PROBLEM REQUIREMENTS:
The pictures must be left out, while the rest of the data is copied exactly.

RECORDED DATA:
######
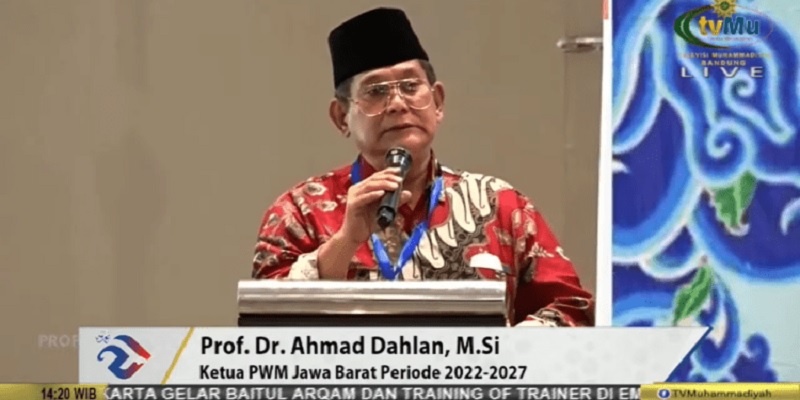 Ketua PWM Jawa Barat periode 2022-2027, Prof. Dr. Ahmad Dahlan/Repro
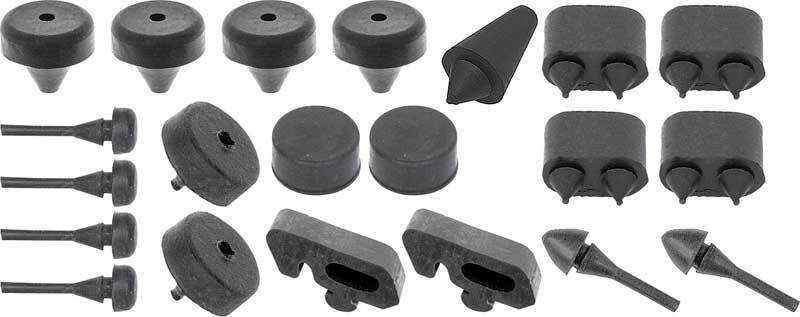 OER K88062 1969 Chevy Camaro RS Rubber Stopper Kit Doors Hood Trunk Lid Console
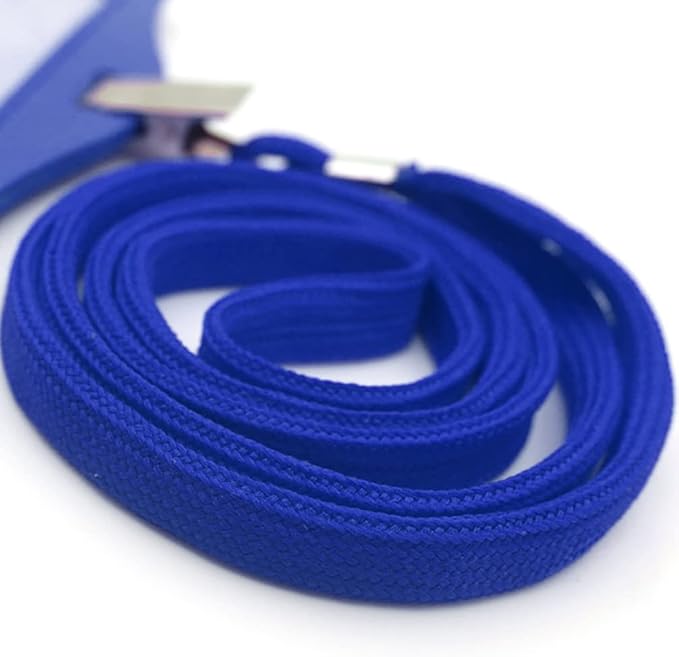 Ollain Badge Lanyards Neck Bulk Cruise Lanyards Blue Lanyard with Clip for ID Card Name Tags Badge Holders (Blue, 50 Pack)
######
SOLUTION FOR THIS TASK:
 Ketua PWM Jawa Barat periode 2022-2027, Prof. Dr. Ahmad Dahlan/Repro
 OER K88062 1969 Chevy Camaro RS Rubber Stopper Kit Doors Hood Trunk Lid Console
 Ollain Badge Lanyards Neck Bulk Cruise Lanyards Blue Lanyard with Clip for ID Card Name Tags Badge Holders (Blue, 50 Pack)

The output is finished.